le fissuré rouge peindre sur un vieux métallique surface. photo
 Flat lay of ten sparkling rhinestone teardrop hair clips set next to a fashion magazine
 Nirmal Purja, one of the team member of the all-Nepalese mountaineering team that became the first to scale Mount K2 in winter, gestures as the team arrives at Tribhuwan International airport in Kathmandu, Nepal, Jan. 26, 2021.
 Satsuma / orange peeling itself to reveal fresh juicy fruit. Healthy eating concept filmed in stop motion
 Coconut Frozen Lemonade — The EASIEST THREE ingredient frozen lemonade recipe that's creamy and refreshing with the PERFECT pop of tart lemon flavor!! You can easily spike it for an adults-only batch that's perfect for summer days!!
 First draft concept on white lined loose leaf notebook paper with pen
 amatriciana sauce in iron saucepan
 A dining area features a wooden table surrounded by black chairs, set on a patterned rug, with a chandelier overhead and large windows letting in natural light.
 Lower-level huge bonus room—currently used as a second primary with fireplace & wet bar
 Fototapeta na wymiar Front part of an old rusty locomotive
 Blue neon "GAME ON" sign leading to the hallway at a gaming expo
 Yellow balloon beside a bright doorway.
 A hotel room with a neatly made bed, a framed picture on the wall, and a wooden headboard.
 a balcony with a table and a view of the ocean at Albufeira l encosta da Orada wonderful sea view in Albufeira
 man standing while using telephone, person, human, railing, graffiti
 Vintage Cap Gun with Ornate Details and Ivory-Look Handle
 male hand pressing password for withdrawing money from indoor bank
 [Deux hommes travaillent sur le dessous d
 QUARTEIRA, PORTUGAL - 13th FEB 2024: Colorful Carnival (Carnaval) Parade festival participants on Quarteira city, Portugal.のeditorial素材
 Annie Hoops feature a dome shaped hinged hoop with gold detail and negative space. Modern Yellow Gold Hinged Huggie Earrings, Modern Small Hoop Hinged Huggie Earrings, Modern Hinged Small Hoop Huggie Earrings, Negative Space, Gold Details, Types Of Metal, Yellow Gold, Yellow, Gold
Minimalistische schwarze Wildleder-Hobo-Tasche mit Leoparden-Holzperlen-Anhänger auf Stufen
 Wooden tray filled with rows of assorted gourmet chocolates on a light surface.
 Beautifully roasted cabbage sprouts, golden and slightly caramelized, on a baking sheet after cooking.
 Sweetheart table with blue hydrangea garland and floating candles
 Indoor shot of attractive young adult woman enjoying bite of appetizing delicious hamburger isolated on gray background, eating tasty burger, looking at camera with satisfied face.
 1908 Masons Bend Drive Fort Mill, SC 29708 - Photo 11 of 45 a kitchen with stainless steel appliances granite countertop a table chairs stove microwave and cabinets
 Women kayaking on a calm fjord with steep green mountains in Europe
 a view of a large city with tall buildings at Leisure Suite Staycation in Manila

◆ **WORK ITEM**
Look through the material above and print exactly the lines from the one containing "a balcony with" to the one containing "Beautifully roasted cabbage", both included, and nothing more.

◆ **ANSWER TO THE PROBLEM**
 a balcony with a table and a view of the ocean at Albufeira l encosta da Orada wonderful sea view in Albufeira
 man standing while using telephone, person, human, railing, graffiti
 Vintage Cap Gun with Ornate Details and Ivory-Look Handle
 male hand pressing password for withdrawing money from indoor bank
 [Deux hommes travaillent sur le dessous d
 QUARTEIRA, PORTUGAL - 13th FEB 2024: Colorful Carnival (Carnaval) Parade festival participants on Quarteira city, Portugal.のeditorial素材
 Annie Hoops feature a dome shaped hinged hoop with gold detail and negative space. Modern Yellow Gold Hinged Huggie Earrings, Modern Small Hoop Hinged Huggie Earrings, Modern Hinged Small Hoop Huggie Earrings, Negative Space, Gold Details, Types Of Metal, Yellow Gold, Yellow, Gold
Minimalistische schwarze Wildleder-Hobo-Tasche mit Leoparden-Holzperlen-Anhänger auf Stufen
 Wooden tray filled with rows of assorted gourmet chocolates on a light surface.
 Beautifully roasted cabbage sprouts, golden and slightly caramelized, on a baking sheet after cooking.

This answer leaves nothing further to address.